I have the same question, same situation.

How much does 2 or 4 cups per day equal in pounds per month? How long does X lb bag of dog food last you. *For one golden retriever*. I see a lot of answers of people saying for my 4-5 dogs.. etc.. I mostly wanted to know for 1 dog.

I know it is different depending on how much you feed, but what I'm wondering is a general rule of thumb like 2 cups twice a day = lbs per month.


----------



## jenlaur

I agree, each dog is different. We feed Fromm. Our 57 lb. female eats 3 1/2 cups a day. Our 64 lb. male eats 3 cups a day. Both are pretty active.


----------



## wenryder

Our pup is 6 months and about 43 lbs; he eats Fromm Family Gold Large Breed Puppy. He eats about 3.5 cups a day, and a 35lb bag of food usually lasts about 7 weeks.


----------



## HiTideGoldens

The lbs/month will vary based on the type of food you buy since some are heavier or lighter. I think a better question would be how many calories per day, that way you can compare apples to apples when looking at foods.

Our 16 month old boy eats 1260-1470 calories per day (ETA: this is a total of 3-3.5 cups per day of Acana Grasslands), depending on how much activity he had that day and if he's looking skinny or not. We don't give treats often, so that's a pretty fair calculation of his calories.

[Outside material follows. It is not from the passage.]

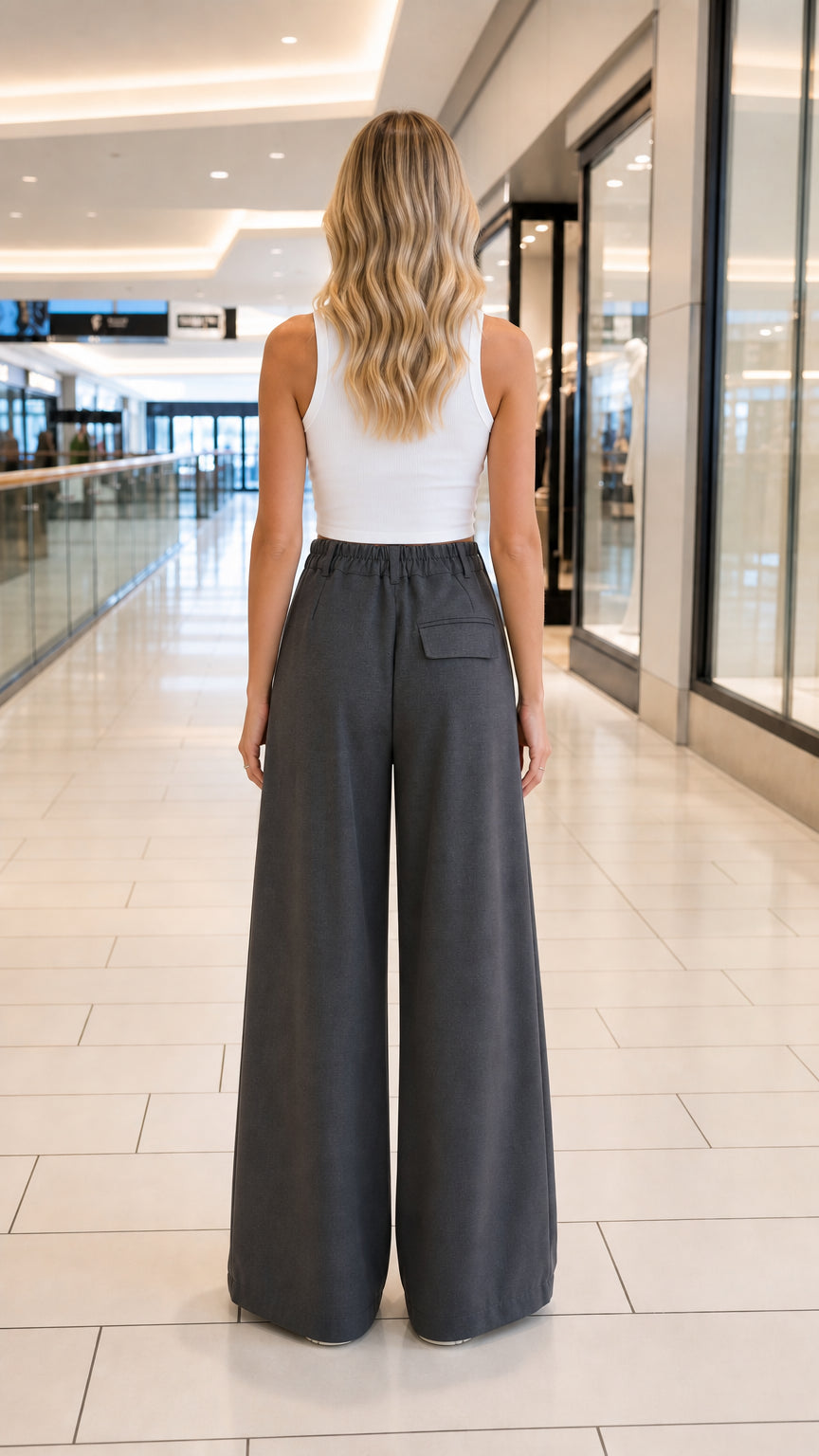 Back view of model wearing charcoal grey wide-leg trousers showing elasticated waistband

He is fairly young still and very active though, and my understanding is that most adult dogs eat less calories than that once they are fully mature.


----------



## Megora

I feed our golden 1.5-2 cups a day. Keep in mind that this is all he needs based on what else he eats throughout the day (handouts, treats). It is also based on the type of kibble he eats. 

If you feed fromm or any grain free type brands, you probably need to feed double just to maintain a healthy weight on your dog.

I buy a 15lb bag every 1.5 months. <- We are going slower than that right now because I'm giving him about 1/2 cup of a different type of kibble per day. I'll be close to 2 months by the time I buy another 15lb bag. <- I would not want to keep a bag of dog food in storage longer than 2 months, because that ups the chance of your dog eating moldy food and getting digestive issues.

The 15lb bag is $30. And I also buy a $12 5lb bag of something else. <- give or take, $42 every 2 months. 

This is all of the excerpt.